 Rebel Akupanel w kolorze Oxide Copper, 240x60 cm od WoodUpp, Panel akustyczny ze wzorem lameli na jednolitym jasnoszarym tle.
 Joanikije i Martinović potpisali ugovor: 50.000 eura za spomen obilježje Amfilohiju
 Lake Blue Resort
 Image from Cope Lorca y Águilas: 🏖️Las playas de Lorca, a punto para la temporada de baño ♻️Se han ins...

⁂

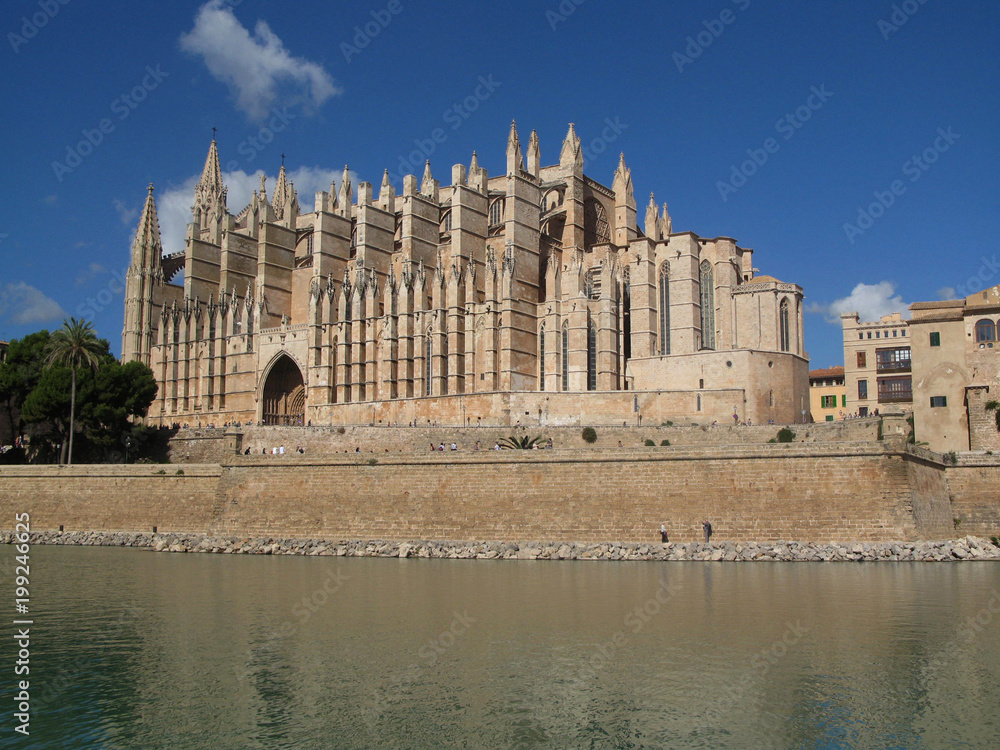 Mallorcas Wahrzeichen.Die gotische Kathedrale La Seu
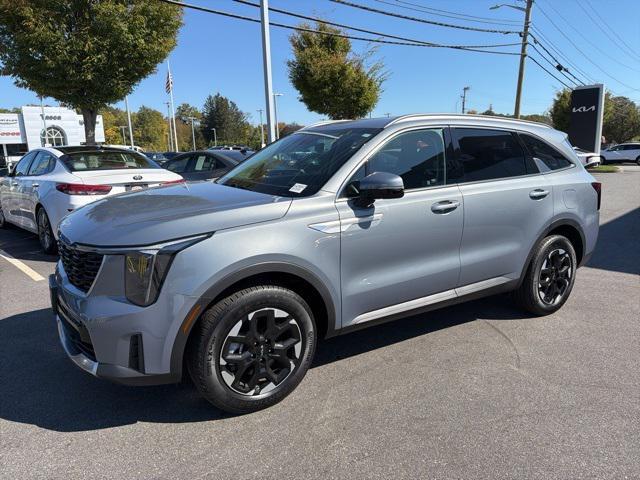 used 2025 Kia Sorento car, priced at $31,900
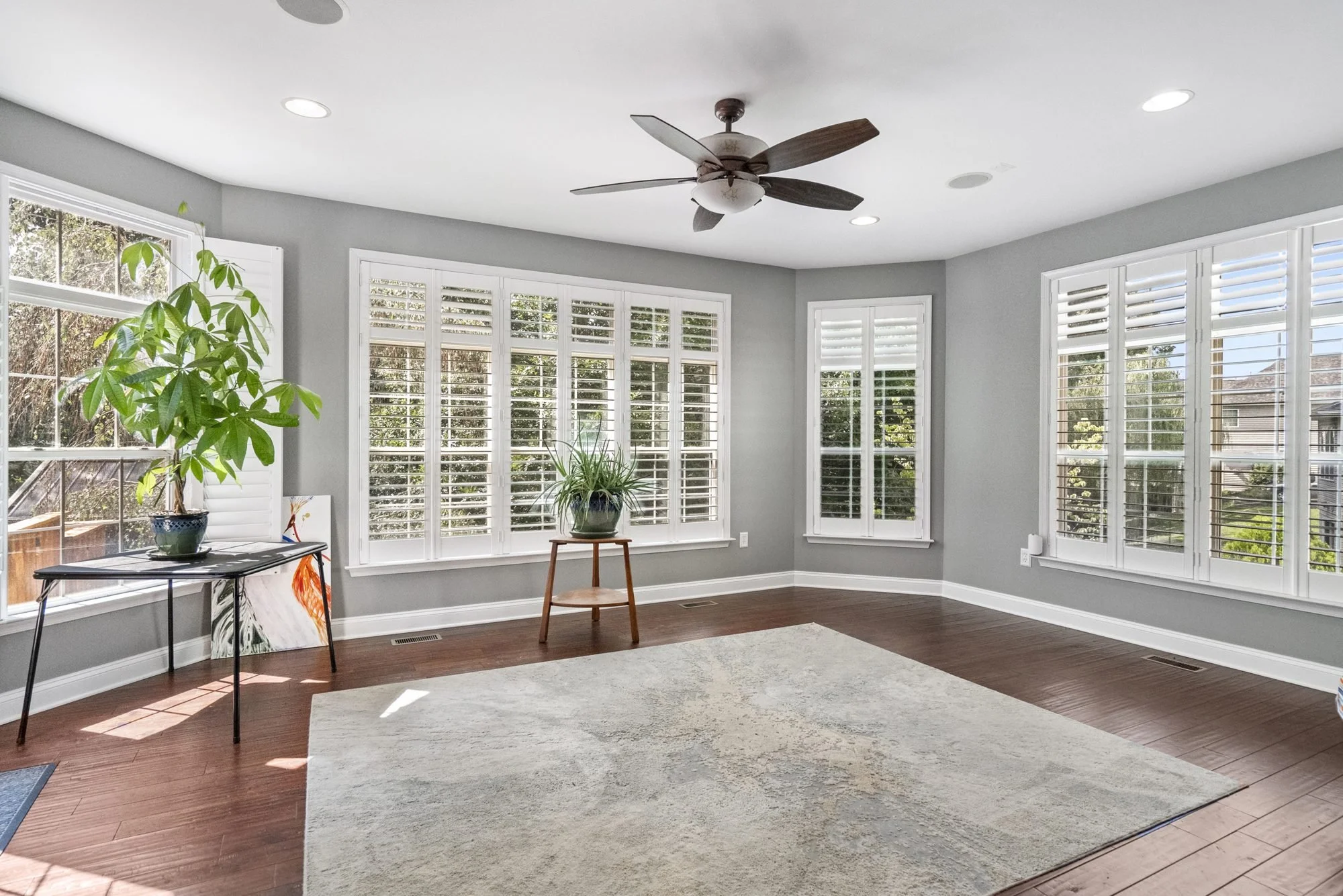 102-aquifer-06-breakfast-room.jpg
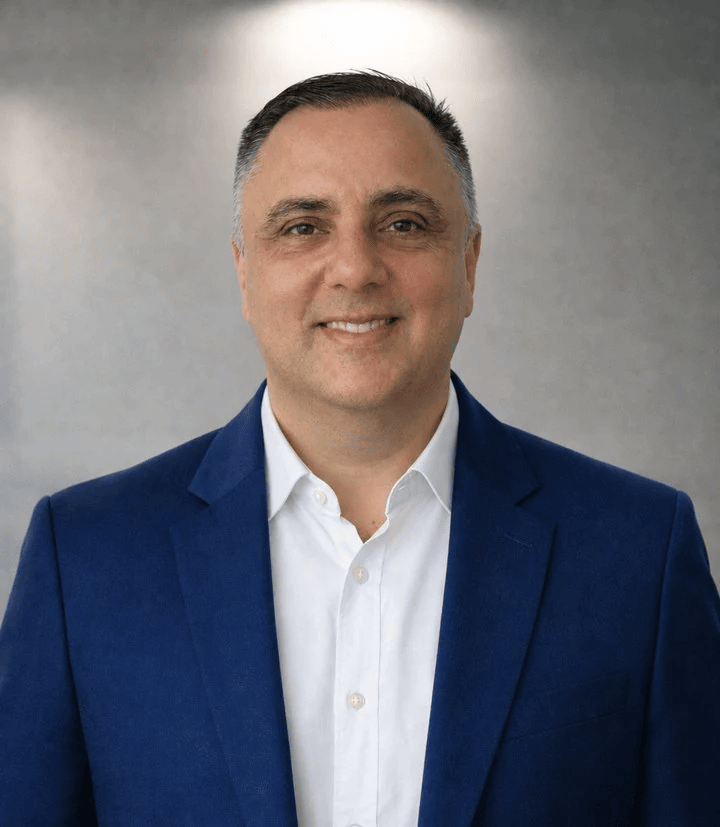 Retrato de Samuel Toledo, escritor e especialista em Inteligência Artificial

⁂

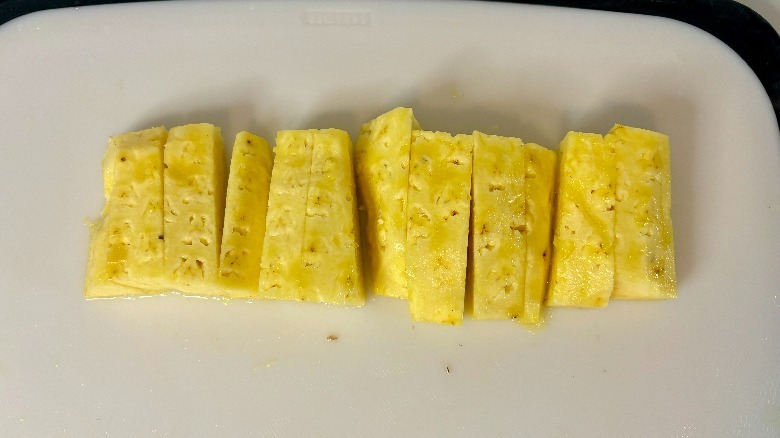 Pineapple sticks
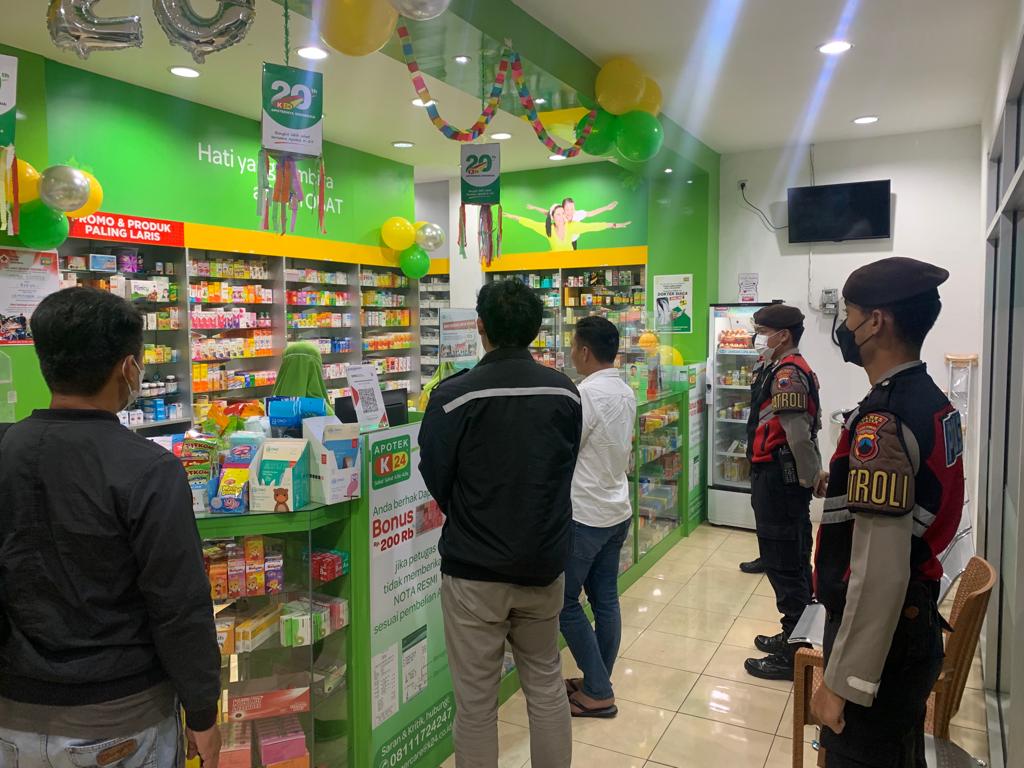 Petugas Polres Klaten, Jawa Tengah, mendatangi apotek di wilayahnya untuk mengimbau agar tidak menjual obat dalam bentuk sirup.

⁂

**Action item:**
Above are the entries. Quote exactly the lines from the one bearing "Rebel Akupanel w" through the one bearing "Image from Cope".

**Task answer:**
 Rebel Akupanel w kolorze Oxide Copper, 240x60 cm od WoodUpp, Panel akustyczny ze wzorem lameli na jednolitym jasnoszarym tle.
 Joanikije i Martinović potpisali ugovor: 50.000 eura za spomen obilježje Amfilohiju
 Lake Blue Resort
 Image from Cope Lorca y Águilas: 🏖️Las playas de Lorca, a punto para la temporada de baño ♻️Se han ins...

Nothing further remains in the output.